Uygu görüntüsüyle belirlendi
Özellikle uygulamada, İptale esas alınan Google Earth görüntülerinin bazı bölgelerde 1 yılı aşan aralarla kaydedildiği düşünüldüğünde, imar barışı düzenlemesinden sonra inşa edilmesine rağmen uydu görüntülerine yakalanmayan kimi yapılara ait Yapı Kayıt Belgelerinin geçerliliğini koruduğuna; düzenlemeden önce yapıldığı halde 31.12.2017 tarihinden sonra ve bununla beraber imar barışı düzenlemesinden önce yapıldığı uydu görüntülerine yansıyan yapıların ise belgelerinin iptal edildiğine şahit oluyoruz.

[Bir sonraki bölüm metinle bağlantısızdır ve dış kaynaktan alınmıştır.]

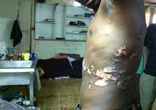 Torture of Eritreans in the Sinai. Image of Torture of Eritreans in the Sinai.
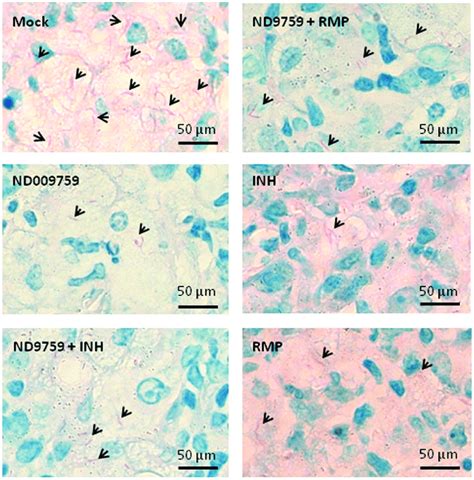 Acid Fast Staining Of Lung Sections From M Tuberculosis Infected Download Scientific Diagram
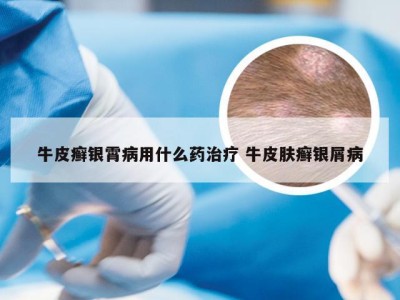 牛皮癣银霄病用什么药治疗 牛皮肤癣银屑病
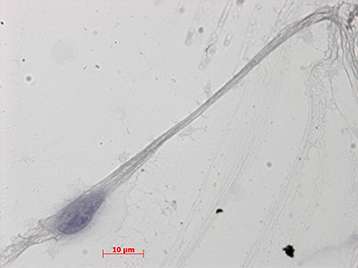 Un des spermatozoïdes humains développés in vitro à partir de spermatogonies prélevées chez un individu. © M.H.Perrard, CNRS, Kallistem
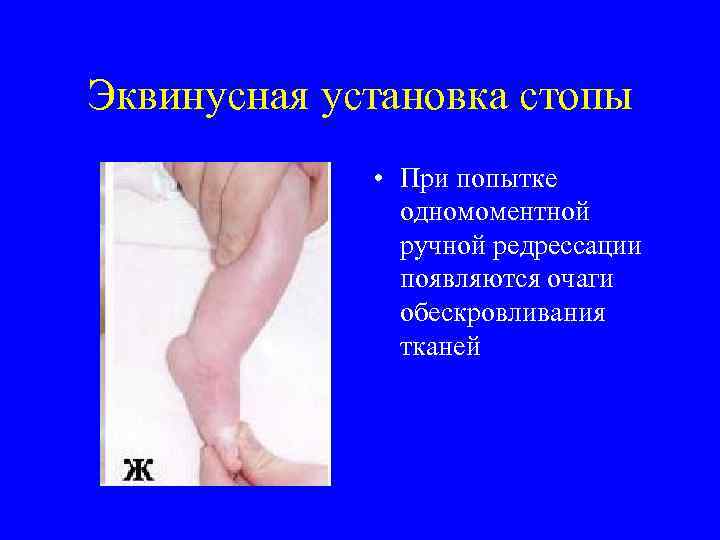 Эквинусная установка стопы • При попытке одномоментной ручной редрессации появляются очаги обескровливания тканей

Düzenlemeden önce inşa edilmesine rağmen imar barışından yararlanamayan yapılar bakımından orantısız bir mağduriyet ve külfete neden oluyor.

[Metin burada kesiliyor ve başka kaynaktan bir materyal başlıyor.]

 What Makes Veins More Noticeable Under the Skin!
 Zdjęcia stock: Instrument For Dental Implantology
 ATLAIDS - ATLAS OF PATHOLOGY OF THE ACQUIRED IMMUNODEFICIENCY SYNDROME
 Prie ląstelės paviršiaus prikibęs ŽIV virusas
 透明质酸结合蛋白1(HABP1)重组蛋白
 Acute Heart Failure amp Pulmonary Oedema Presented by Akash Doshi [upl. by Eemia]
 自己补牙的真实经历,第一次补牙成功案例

Anayasa Mahkemesi’ne Göre Kanun Önünde Eşitlik İlkesi
Anayasa Mahkemesi eşitlik ilkesi yönünden Anayasa’nın 10. maddesi çerçevesinde yapacağı anayasallık denetiminde öncelikle aynı ya da benzer durumda bulunan kişiler arasında farklı muamelenin mevcut olup olmadığını inceliyor.
Yapılacak bu belirlemenin ardından ise farklı muamelenin nesnel ve makul bir temele dayanıp dayanmadığı ve ölçülü olup olmadığı hususlarını irdeleniyor. Ölçülülük ilkesi, amaç ve araç arasında hakkaniyete uygun bir dengenin bulunması gereğini ifade ediyor. Diğer bir ifadeyle bu ilke, farklı muamelenin öngörülen objektif amaç ile orantılı olmasını gerektiriyor (Bkz., Anayasa Mahkemesi 11/6/2020 tarihli ve E.2019/2 K.2020/28 sayılı karar).
Bu bağlamda, 3194 sayılı İmar Kanunu’nun Geçici 16. Maddesiyle, öngörülen tarihten sonraki bina sahipleri için yani bu düzenlemeden yararlananlar bakımından mülkiyet hakkı kapsamında kıymetli bir hak ve menfaat bahşedildiği tartışmasız. Bu durumda düzenlemeden yararlanamayanlar bakımından ise özünde aynı konumda kimseler arasında hakkaniyete aykırı ve içinde hak ve yükümlülükler bağlamında orantısız eşitsizlik barındıran düzenleme yaptığı ve yasa koyucunun bunu yaparken takdir yetkisinin sınırlandıran evrensel ilke ve kurallara uygun davranmadığı değerlendiriliyor.